# Adding network printer to Windows 7



## RevolutionistT

Hello, I have a desktop that is joined to a domain. I was able to connect to the network printers and print just fine for months. But today, when I went to print it would show up on my queue but never print. It would just hang there. And when I checked the printers on the server, nothing shows in the print queue. So I removed all the printers from the computer and tried to add them again. But when I do I get an error message "Windows cannot connect to the printer. Operation failed with error 0x00000002". Ive looked at a couple places so far on the internet but have not found an answer.

Thanks.


----------



## johnwill

This is a procedure that may work for installing network printers when the normal install doesn't work properly.


Select: Control Panel, Printers, Add Printer
Choose Add Local Printer. 
Uncheck the box marked :Automatically detect my PnP printer. 
Click Next
Select Create a New Port and leave the default in the drop down selection as Local Port.
Click Next
Windows displays a small dialogue box asking a port name. 
Key in: \\<computer_name>\<printer_name> See note below
Click OK
Windows will show a list of printer vendors and models. The list looks just like the Windows Add Hardware Dialog. Select your printer manufacturer and printer model from the list. If your specific printer isn't shown, you can click on Have Disk and browse to the folder where you have the unpacked drivers for your printer.

*Note:*
_<computer_name> - Computer name from Control Panel, System status display.
<printer_name> - The actual name of the network printer viewed by browsing to the shared printer on the network._​


----------



## shawninc

When connecting a network printer, the following error was encountered on a Windows 7 64bit computer:


Windows cannot connect to the printer. Operation failed with error: 0x00000002


This occurs after browsing to the machine with the shared printer, right clicking the printer, and selecting ‘connect’.
*Synopsis*

This issue relates to creating a port for the mapped printer, or the printer UNC. During trouble shooting, we did rename the printer to ensure that it follows “8.3” naming convention used on NetBIOS: that did not resolve the issue. Both computers, the client and sharer, were Windows 7 64bit.
*Resolution*

The solution is to create a new ‘Local Port’ using the UNC to the printer share as the name. For example, the printer is shared with the name ‘HPLJ5’ on computer ‘DESKTOP1’. The local port’s name should be ‘\\DESKTOP1\HPLJ5’.

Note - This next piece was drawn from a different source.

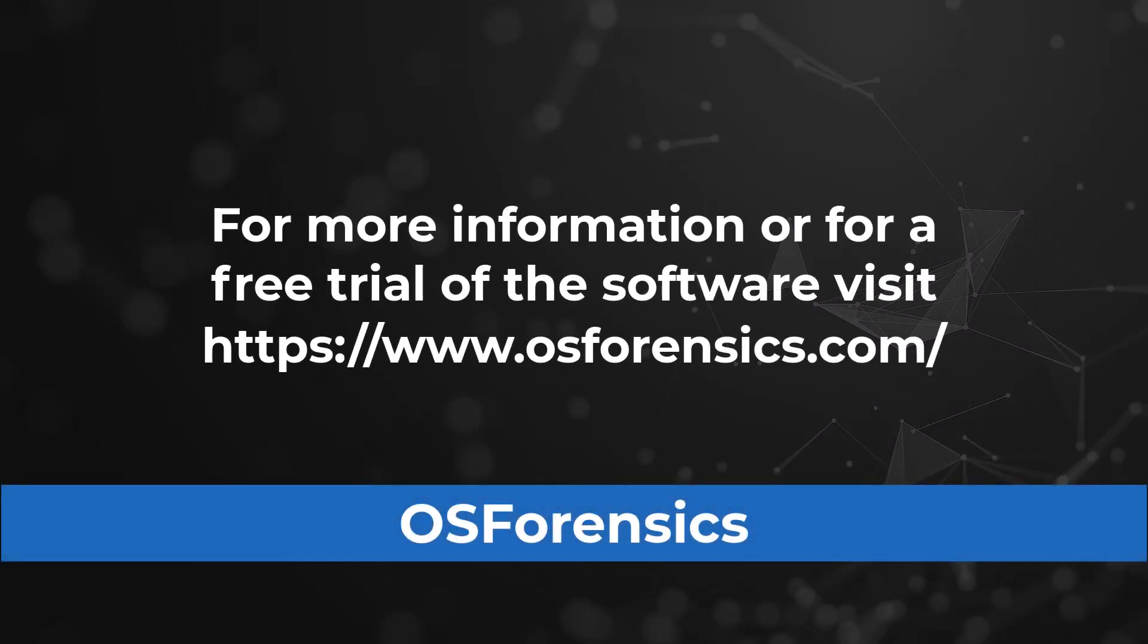We hope this tutorial on obtaining data from Android devices using OS Forensics has been informative. For more information on OS Forensics or to download a free trial, visit osforensics.com.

You may create a new port while doing the ‘Add Printer’ wizard from Devices and Printers in control panel. During this process, you will need to install the print driver as it will not pull the driver from the computer that shared the printer.


----------



## anthws

i know this is old but here's a solution that worked for me... it turned out that i was trying to use a 64-bit version of the driver and it was a 32-bit Windows box. got the correct driver and 'bingo!'

lesson: check the OS version and the driver version and don't make any assumptions about same.


----------



## 4Phoenix

1.	Click on the Start button, and then click on Devices and Printers.
2.	In the Devices and Printers window, click on the Add a printer button.
3.	In the Add Printer wizard, click on the option Add a network, wireless, or Bluetooth printer.

Windows will display a list of available printers.

4.	Select a printer from the list, or click on the option The printer that I want isn't listed to find the desired printer. (To find a printer, proceed to step 5
5.	To find a printer not on the list, perform the following: 

Select the option Add a printer using a TCP/IP address or hostname, and then click on theNext button. (Note: Consult the printer list to find your printer's IP address.)

Enter the IP address in the Hostname or IP address text area. (As you type the address, Windows also adds the address automatically to the Port name text area, as shown in the example below.)

Install the driver for your printer by selecting the printer's manufacturer from the Manufacturer and then the model number. (If the model number of your printer isn't listed, click on theWindows Update button to list additional printer models.)

Click on the Next button.

6.	Enter a descriptive name for your printer in the Printer name text area or leave the name that is already filled in, then click on the Next button. (In the example below, "Xerox WorkCentre 7345 PCL6" has been entered for the printer name.)
Note: You can change the printer name at any time. 

You should see the following window showing that Windows 7 has started the process of installing the printer

In the next window, make sure the option Do not share this printer is selected, and then click on theNext button.

7.	In the message window shown in step 7, click on the Print a test page button if you want to print a test page to verify you can print with the printer, and then click on the Finish button.
8.	You can view the new printer listing by clicking again on the Start button, and then clicking again onDevices and Printers. You should see the entry for your printer. (In the example below, "Xerox WorkCentre 7345 PCL6" has been added.)


4Phoenix


----------